Oh, it is much more complicated and grueling and heart-wrenching than that but, with his education fueled by the GI Bill and his new teammates savoring his drive and dedication, three weeks ago he held an American Flag and led his team racing down the east end-zone hill past Howard’s Rock into the stadium on “Military Appreciation Day.”
Rodriguez described the crowd’s roar as “breath-taking” and, at halftime, got to meet two of the pilots who had provided air support in Afghanistan the day Daniel suffered shrapnel wounds to his legs, his shoulder and his neck. “I was like, ‘Thank you so much!’”
Unfortunately, Daniel will never forget that day in Afghanistan. “I vividly remember thinking, this is it,” he told the New York Times. “My intent was to kill as many of them before they killed me. I kept a round in my pocket just in case; I was going to take my own life. But it wasn’t my day to go.”
Today he hardly laughs when he reminds you he “got his quota” of the enemy the day Kevin Thompson and his other buddies were killed. Recently, he spied the expiration date of “Oct 3” on a milk carton and it sent him into another panic attack. As you can see, he still has good days and bad.
But, with Clemson’s adoring fan base giddy over the 11th-ranked Tigers’ 9-1 season and its gentile followers believing Rodriguez’s story to be better than the inspirational movie “Rudy,” Daniel is being blanketed in love and admiration and respect. The experts say it may be the best possible cure they could ever imagine.
In a riveting story about Daniel in the Charleston (S.C) Post & Courier, psychologist Suzanne Best is quoted as saying PTSD changes the body’s reaction to stress. “Your stress hormones are not working properly,” she explained. “Your system is on red alert all the time. It is an incredibly difficult thing to live with. I’ve seen people just really struggle, it takes an awful lot of strength and courage to continue to get out there in the world.”

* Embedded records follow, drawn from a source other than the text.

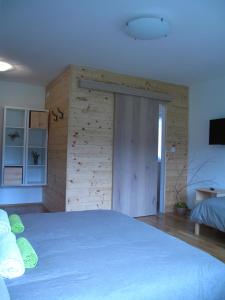 a bedroom with a blue bed with a wooden wall at Guesthouse Bor Plitvice Lakes in Plitvička Jezera
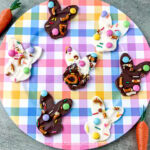 Bunny-shaped white and milk chocolate Easter bark on a colorful plate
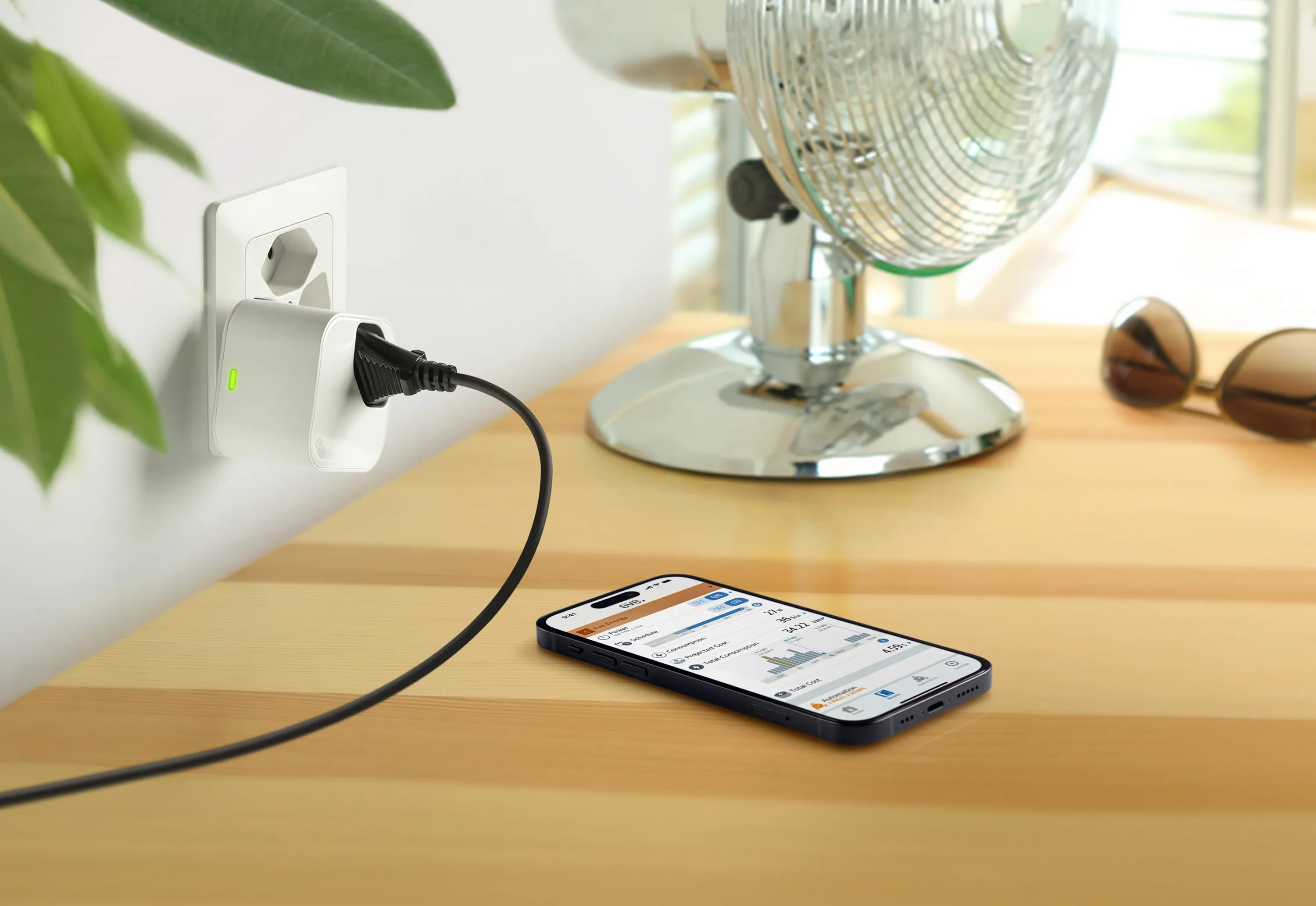 Ein Telefon lädt auf einem Holztisch. Ein Stecker steckt in einer Steckdose. Ein Ventilator und eine Sonnenbrille im Hintergrund.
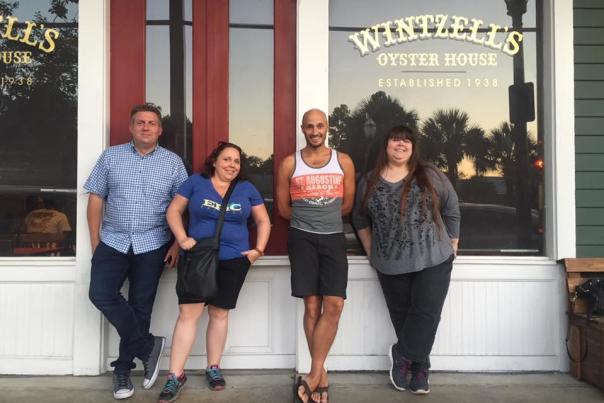 four people leaning agains the exterior of Wintzells restaurant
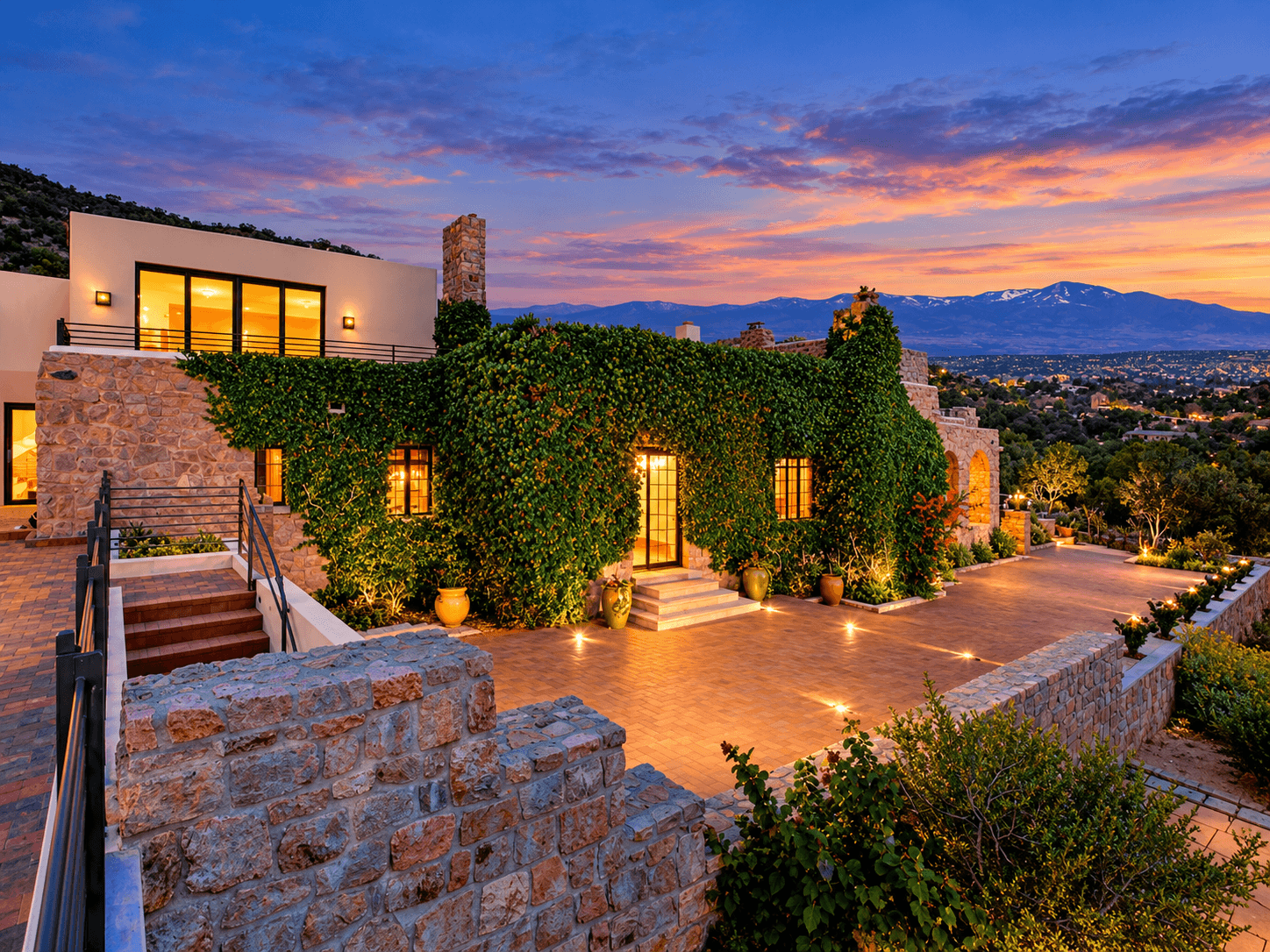 A stone house covered in greenery at sunset, overlooking a mountainous landscape.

What’s worse, the psychologist said, “They won’t seek help when they need it. To them it makes them feel like they are weak. There are a lot of stigmas in the military.”
Daniel admitted as much. “I was tired of getting textbook answers from someone who has seven years of schooling and they are supposed to tell me what it feels like when I kill somebody?” Rodriguez said. “You saw it? You were there? So now we are here one-on-one and you are going to tell me what your degree tells you to tell me? That’s bull.”
So today he’s doing the best thing he knows to do. Football at Clemson is great therapy and the fact he has wormed his way to where he is playing on Clemson’s special teams is a reward in itself. “(Exercise) helps to curb a lot of symptoms,” the psychologist Best said. “The main thing we’ve noticed is having as much social support as possible can be very helpful. A lot of times when people have been deployed and return (to civilian life) they really miss that ‘team’ feel they get with their unit.”
Daniel Rodriguez, the guy in orange who is wearing No. 83 in your Clemson program, agreed. “When people blow up in front of you, when you’re putting pieces together that look like spaghetti into body bags, don’t you think we are going to be messed up? Of course we are,” he told the Charleston reporter. “But being here in general helps me develop, grow, get that sense of love back that I wanted for so long. It’s been a healing.”
The Clemson coaches and players adore Daniel. “He may only be a walk-on,” said head coach Swinney, “but he’s a team leader to these 18- to 22-year-olds, some of whom have a sense of entitlement or want to feel sorry for themselves or don’t understand the privilege they have.”
In short, Daniel Rodriguez is making his way. He’s earning it, too, and on this Veteran’s Day when America pauses to say thanks, it a great joy to hear him say, “Things are finally beginning to level out.” Oh, that our other warriors who are hurting could be as fortunate.